During much of Berisha’s tenure in power, his daily activities, however ludicrous or insignificant, consumed most of the airtime on state television news. Through smuggling, corruption, appropriation, and legislative diktat, members of Berisha’s entourage accumulated tremendous wealth. Yet nowhere in Mr. Sunley’s observations is there even a hint of recognition that a man who for a long period also enjoyed the uncritical support of the State Department and its officers in Tirana bears any responsibility for the cesspit which Albania became in the first half of this year.
Instead, Mr. Sunley offers a veiled picture of Berisha and his colleagues as selfless fighters for freedom and market reform. Against this he sees ranged an omnipotent leviathan of Stalinist revanchism, determined to resurrect the regime of Enver Hoxha. To judge by the last line of his letter, I am a resolute supporter of this dastardly Communist plot.
I state quite clearly in my article that Fatos Nano is under pressure from a faction within the Socialist Party whose views are inherited from the former regime. But Nano does not share these views. There is not a single shred of evidence that Nano has been planning a return to the old ways during his first hundred days as prime minister. On the contrary, he has taken some important steps to combatting this influence.

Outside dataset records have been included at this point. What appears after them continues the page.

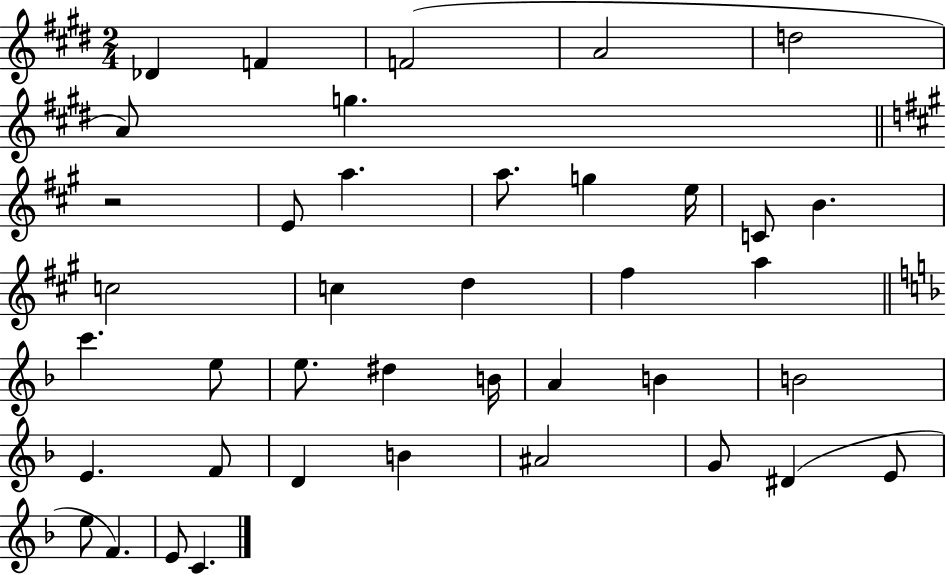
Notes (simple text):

Db4/q F4/q F4/h A4/h D5/h A4/e G5/q. R/h E4/e A5/q. A5/e. G5/q E5/s C4/e B4/q. C5/h C5/q D5/q F#5/q A5/q C6/q. E5/e E5/e. D#5/q B4/s A4/q B4/q B4/h E4/q. F4/e D4/q B4/q A#4/h G4/e D#4/q E4/e E5/e F4/q. E4/e C4/q.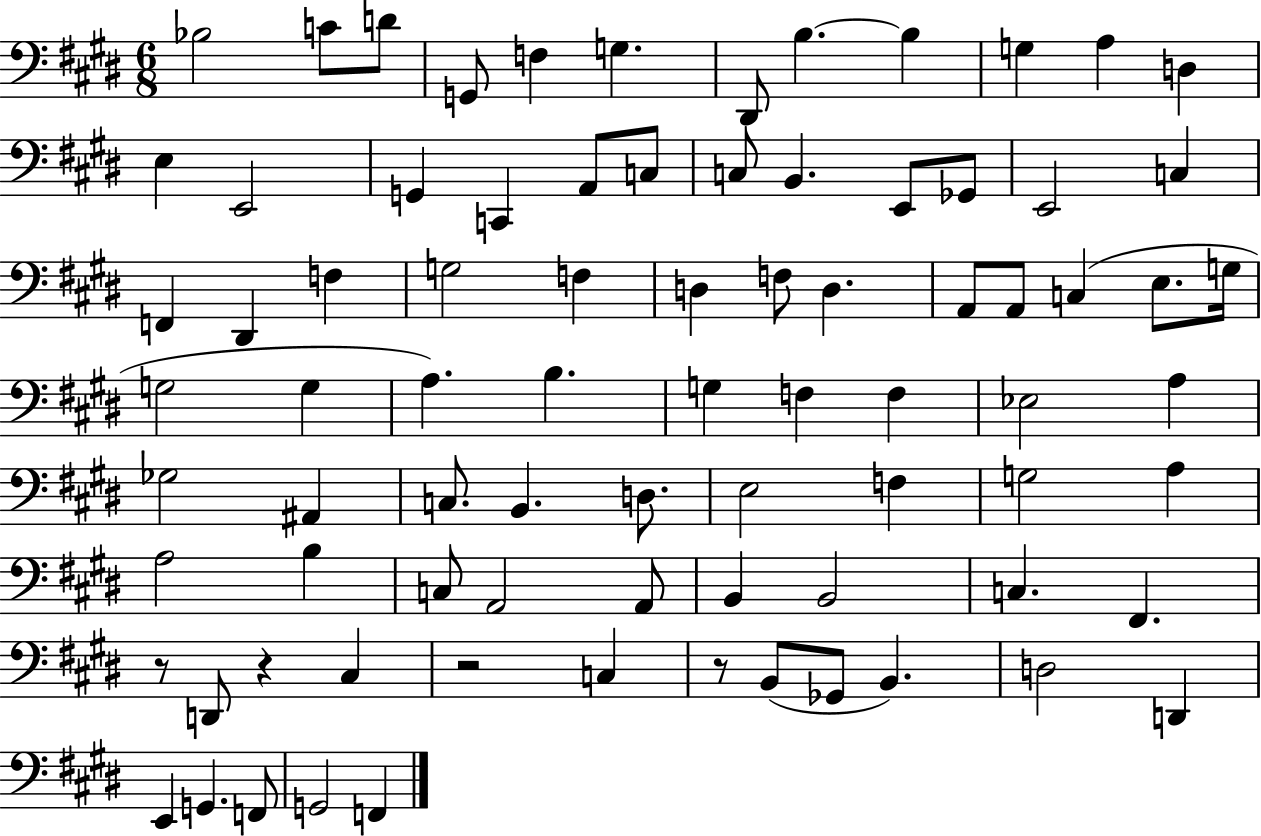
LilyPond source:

{
  \clef bass
  \numericTimeSignature
  \time 6/8
  \key e \major
  bes2 c'8 d'8 | g,8 f4 g4. | dis,8 b4.~~ b4 | g4 a4 d4 | \break e4 e,2 | g,4 c,4 a,8 c8 | c8 b,4. e,8 ges,8 | e,2 c4 | \break f,4 dis,4 f4 | g2 f4 | d4 f8 d4. | a,8 a,8 c4( e8. g16 | \break g2 g4 | a4.) b4. | g4 f4 f4 | ees2 a4 | \break ges2 ais,4 | c8. b,4. d8. | e2 f4 | g2 a4 | \break a2 b4 | c8 a,2 a,8 | b,4 b,2 | c4. fis,4. | \break r8 d,8 r4 cis4 | r2 c4 | r8 b,8( ges,8 b,4.) | d2 d,4 | \break e,4 g,4. f,8 | g,2 f,4 | \bar "|."
}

Firstly, Nano appointed as minister of interior Neritan Ceka, a non-Communist and co-founder of the first opposition party. Ceka has moved firmly against gangsters in the south who Sunley claims were the armed stooges of the Socialist Party. Most notably, he has arrested “Zani,” the chief gunman in Vlore who was supposedly safe because of his vehement hatred of Berisha and his government.
Two weeks ago, a leading member of Berisha’s party was shot and critically wounded by a Socialist deputy inside the parliament building. Fatos Nano immediately demanded the lifting of his colleague’s parliamentary immunity and that he be charged with attempted murder. Nano is actively supporting the establishment of an independent judiciary, something that Berisha obstructed throughout his period in power despite persistent pressure from international human rights organizations (obviously with the exception of Mr. Sunley’s).
Mr. Sunley raises the case of Pjetor Abnjori, the MP who went on hunger strike “protesting against media manipulation….” This is an astonishing defense of a man who as speaker of parliament under Berisha sanctioned a regime of sustained violations against the most basic press freedoms—Koha Jone, the main independent newspaper, was regularly shut down on the flimsiest of excuses; journalists were imprisoned on trumped-up charges. Frequencies were only distributed to radio stations which supported the government. Since Nano has taken over the government, Western governments have applauded his steps to allow Berisha’s Democratic Party regular airtime on state television.